My mother would lay out that stocking or basket on her bed, and place everything that was to go into it, below it on her bedspread. That was to make sure each stocking/basket held the same amount of loot. Then she would place each little toy, etc, inside the stocking/basket, and lay it lovingly aside and begin on the next.
She did these things when she was a stay-at-home mother, and she did these things when she went back to work. She was never too busy to disrupt the continuity of her children's holiday traditions.
As a child, she had virtually nothing; all her ideas about holiday traditions she picked up from the books she read, and the movies she saw. She deliberately set out to create holiday memories and traditions and continuity for her own children, and she succeeded.
When I got married, and had children of my own, it was important to me that I do the holidays just right. And 'just right' meant, 'just like mom did them.' Even when I rebelled against her methods and worked overtime to do the opposite of any advice she gave me, when it came holiday time, I turned into my mother, and I did what she did. I still do.
I always felt sorry for people who went on vacations over Christmas. What is Christmas if you're not at home, making and experiencing traditions? You couldn't pay me enough to spend Christmas on a cruise ship, or in the Bahamas, or anyplace except home.
My husband's family on Christmas Eve, our own family on Christmas morning, my family on Christmas afternoon. It's what we do. It's what we will always do, as long as we are able to do it. We will never change until we have to. We don't want to change. Why should we change it? It's perfect. It's what we do.

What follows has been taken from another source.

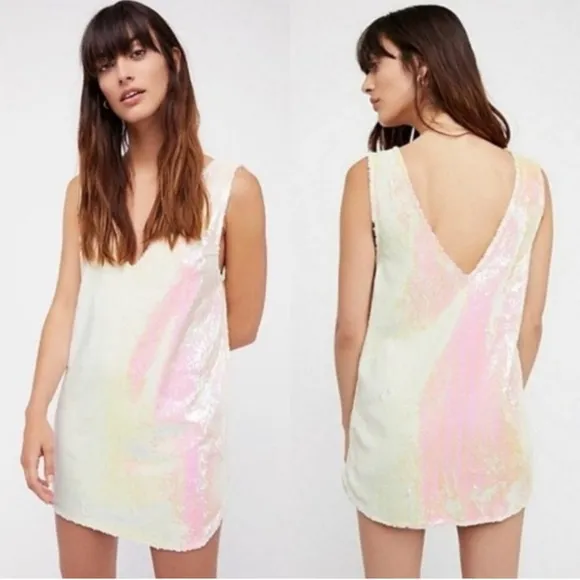 Free People Intimately Opal Iridescent Sequin Slip Mini Dress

Young families: honor those traditions. BUT, be sure you are also making traditions of your own. Visit your families, yes, if you can at all. But time in your own home on Christmas is extremely important, too. Traditions are awesome. Just be sure you make them, as well as keep them.
Oy, such a rant. But we are now into the time of year I love the most: holidays with family and friends.
And a Christmas tree in a room, makes the whole house a magic place called home. My mother didn't teach me this. She showed me, every year of my life.
Merry Christmas, Mom. I love you.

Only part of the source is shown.